How can one achieve a cloud setup where you keep plugging new servers in to grow it, have load-balancing, auto-scaling and fail-over?
It's one of those topics that a lot of people have opinions on, but not many have the direct experience to back it up. I don't know all of the things that do work, but I know a lot of the things that don't.
On the face of it, an expandable cloud server with some form of block storage gives you room to scale vertically. But not everything scales well vertically either. Network-attached storage is the only way to keep scaling storage vertically (like Ceph), but it's neither easy nor cheap to set up a reliable cluster, and you'd need at least a dedicated local network port between the server and the cluster to ensure that you could scale very far without capping out throughput. That's only going to grow you as far as the memory on the host node but these days you can pack a lot of memory in a server so it won't be your first roadblock.
Every application is going to handle replication / failover and horizontal / vertical scaling differently. For example:
Dovecot replication -
https://wiki.dovecot.org/Replication
Load balancers can be outsourced at most major cloud providers but haproxy is great if you want to do it yourself.
Load balancers and individual service replication processes aren't going to keep all of your data in sync. Take, for example, your SNI certificates for Dovecot/Exim, your user configs in /etc/virtual, all that jazz. A newbie is going to tell you "GlusterFS" and maybe, just maybe, two servers in the same rack running GlusterFS on a dedicated port between them might be able to handle the replication needs of a vertically scaling server, but you put them across the internet and it would barely be reasonable to expect it to handle a few websites, much less a whole server that needs to stay in sync at all times and is constantly writing new files (because that one guy with a catchall email and no spam filters receives 500 spam per minute, right?).
None of this is really reasonable at the scale that most shared hosting providers are operating, or the market that they're selling to. If you pull off all of this and theoretically have no points of failure guess what... your Ceph cluster just took a shit and now 75,000 customers are down.
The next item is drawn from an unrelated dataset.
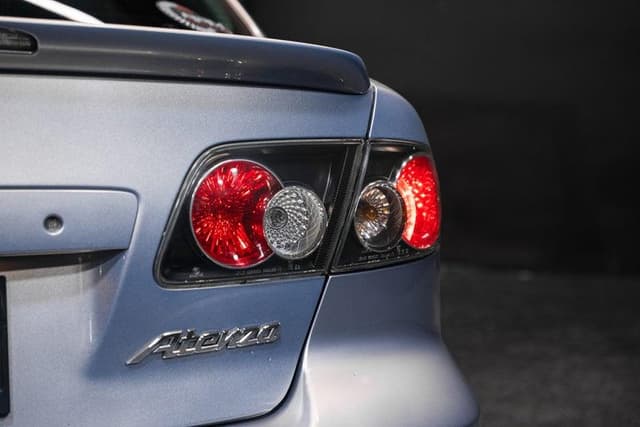 2006 Mazda Atenza JDM car for sale — photo 8 of 19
Your customers are ticketing to tell you that their last host, the one that kept things simple and deployed customers across multiple single servers with 1TB HDDs in RAID1 never had that problem, "I thought your setup was so expensive because it would never go down?"
IMO it's not worth it. Build good servers, deploy the amount of customers you're comfortable with on each one, make backups, and keep building new servers. At the end of the day the more you spend doesn't mean better uptime. Office 365 has an outage every week or two. Gmail has outages. Amazon cloud regions go down. Spread out the uptime over a 10 year period and I'd wager none of these overly complex failover / replicated / horizontally scaled systems have enough to show for their investment over the ones not doing it.